History of Disc Film Negatives

Like many other film formats popular among amateur photographers, disc film and negatives were developed by Eastman Kodak, and first entered the market in 1982.  Disc negatives remained in use for less than 20 years. Today, most people with disc film are unable to get the negatives processed if they want to get prints from the negatives, and need to look for a disc film scanning service to create digital images of their negatives.

Disc film negative cassettes

Disc negatives and film were manufactured in the shape of a flat disc which was encased within a plastic cartridge.  Each disc houses fifteen separate exposures.  Each exposure is 8mm by 11mm, and is arrayed around the circular edge of the disc.  Each cassette has a light and dark side.  The dark side of the cassette stops light from hitting the negatives when the disc is removed from the camera.

The rotation of the disc negatives enables each disc negative to be exposed with a single image.  When compared to other cartridge-based formats, the thinness of disc negatives enables relatively sharp images.  However, the acetate base of disc negatives are much thicker than more traditional 4 inch by 5 inch sheet negatives and film and result in comparatively grainy pictures.

Disc film cameras

Disc film cameras were marketed to consumers and amateur photographers.  Like so-called “point and shoot” or “all in one” cameras, disc negative cameras were self contained and easy to load and unload.  As such, they were marketed to beginners in photography, and were popular with teenagers and young adults.

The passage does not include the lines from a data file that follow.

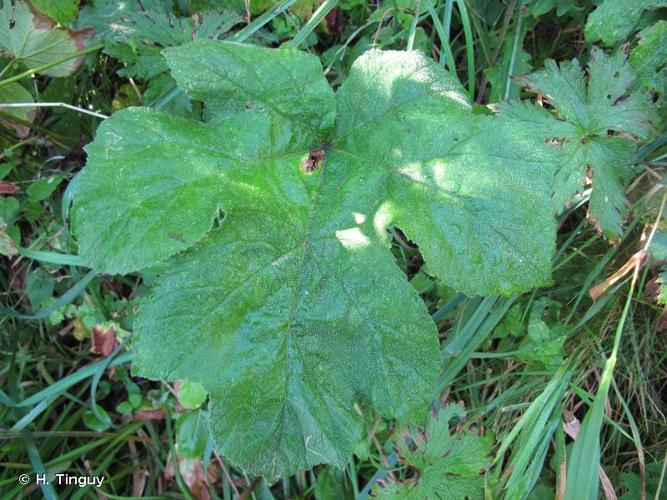 <i>Heracleum sphondylium </i>subsp.<i> elegans</i> (Crantz) Schübl. & G.Martens, 1834 © H. Tinguy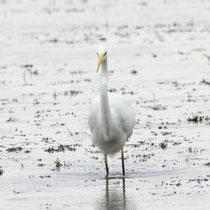 Grande aigrette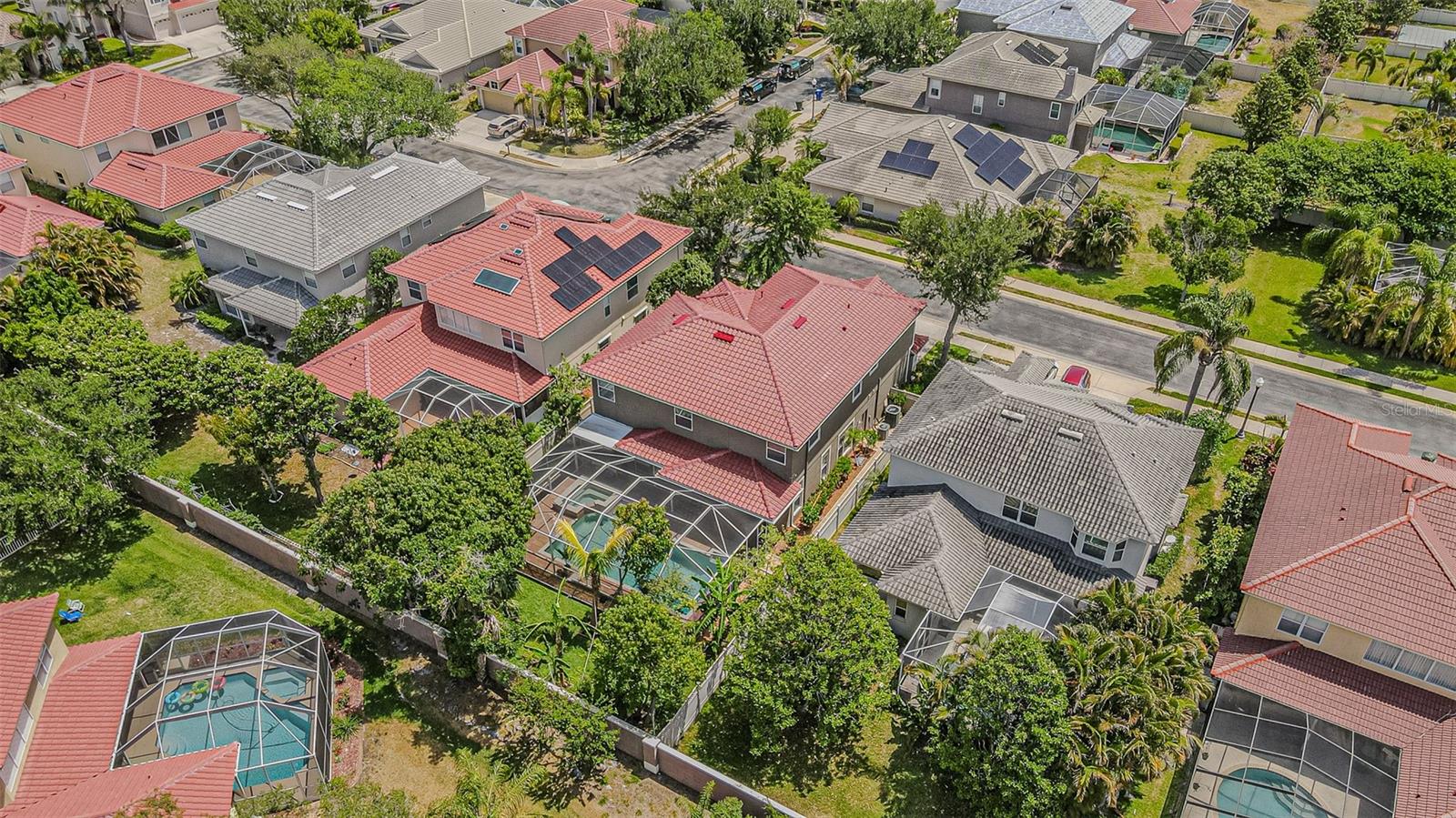 3356 ZACK DR, DUNEDIN, FL, 34698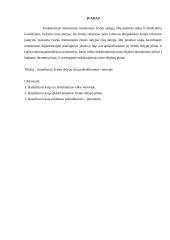 Žemės sklypo ribų paženklinimas vietovėje 2 puslapis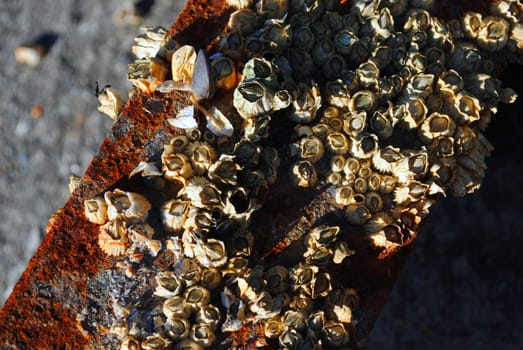 Balanidae on a rusty metal beam.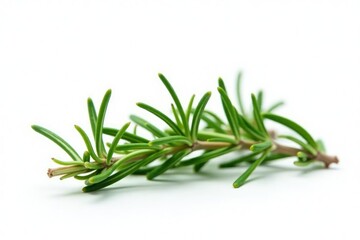 Fototapeta premium Isolated sprig of rosemary on white background, green, plant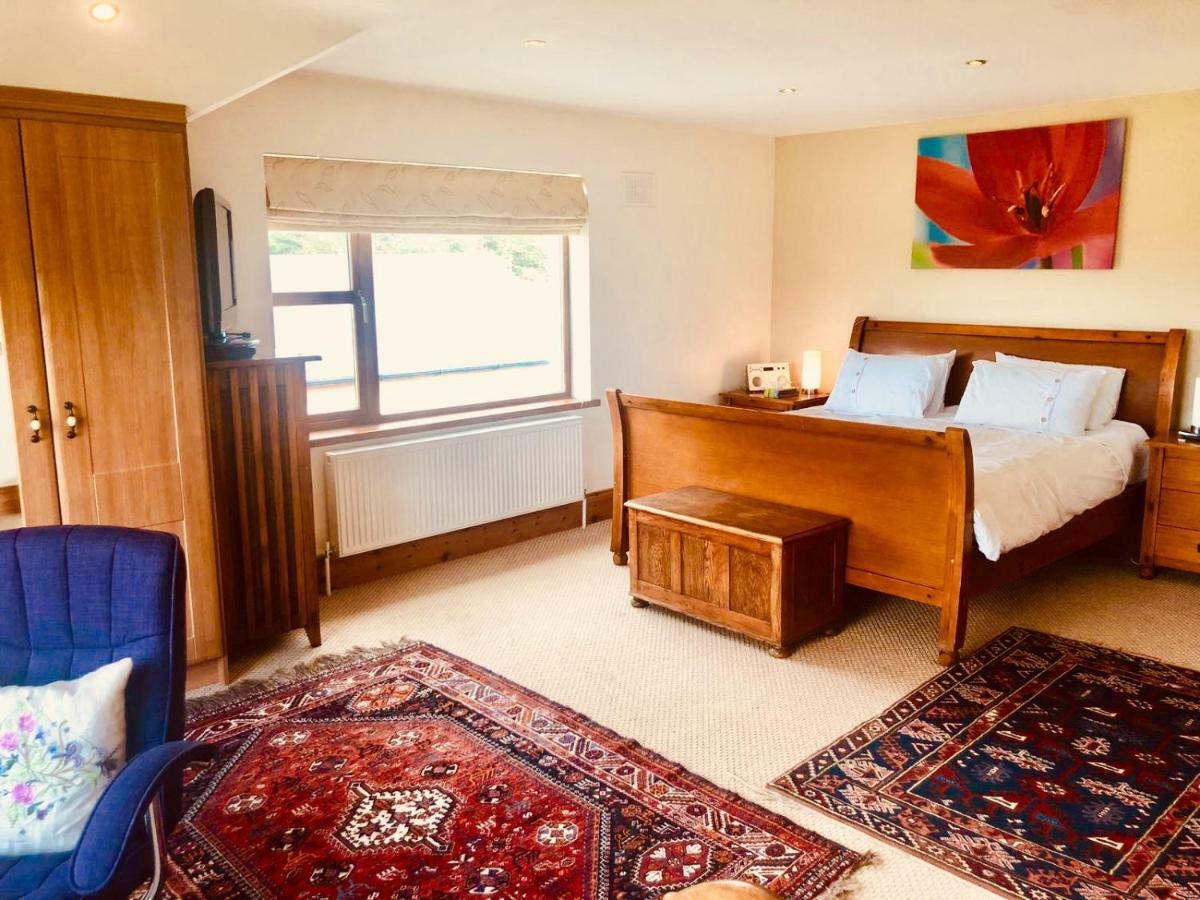 Ramsgrange Tobernaglough Wexford Pet Friendly Country B&B מראה חיצוני תמונה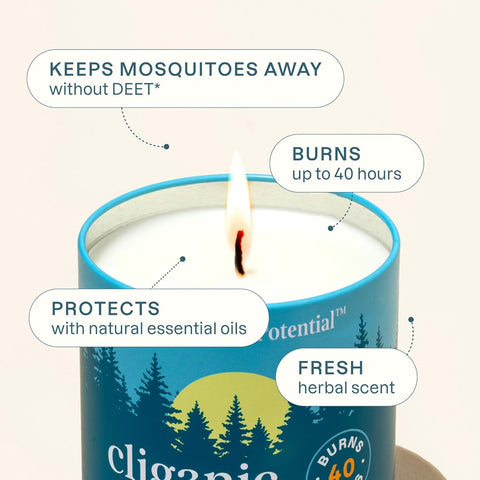 Cliganic essential oil candle with rosemary and peppermint for fresh outdoors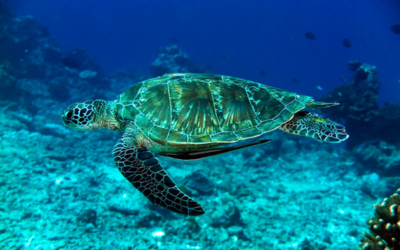 Sea Turtles in Mai Khao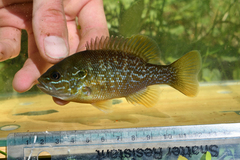Lepomis auritus × cyanellus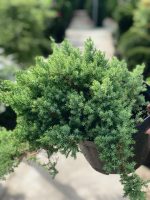 Juniperus procumbens ‘Nana’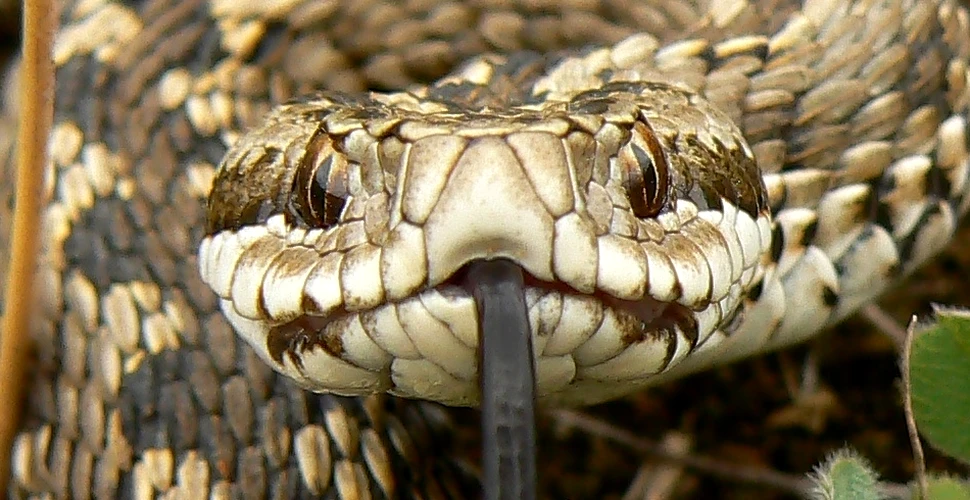 Vipera de stepă moldavă: cine este misteriosul şarpe care trăieşte doar în România ?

Manufacturers of disc negatives and film

In addition to Eastman Kodak, several other film companies produced disc film.  Among other film and negative manufacturers were Fuji and Konica.

Popularity of disc negatives and film

Disc negatives and film never gained wide acceptance among amateur photographers.  The relatively small size of the disc negatives – 8mm by 11mm – resulted in grainy pictures.  Eastman Kodak understood this potential issue and recommended to developers that images from disc negatives be printed using a relatively sophisticated six-element lens developed by Eastman Kodak.  Unfortunately, most developers used three-element lens (which they used for larger negatives).  As a consequence, the images resulting from disc film negatives were often grainy and of poor quality which proved unacceptable to many amateur photographers.

Seventeen years after its introduction in 1982, Eastman Kodak ceased to make disc negatives on the last day of 1999, although disc film cameras had been long absent from the market.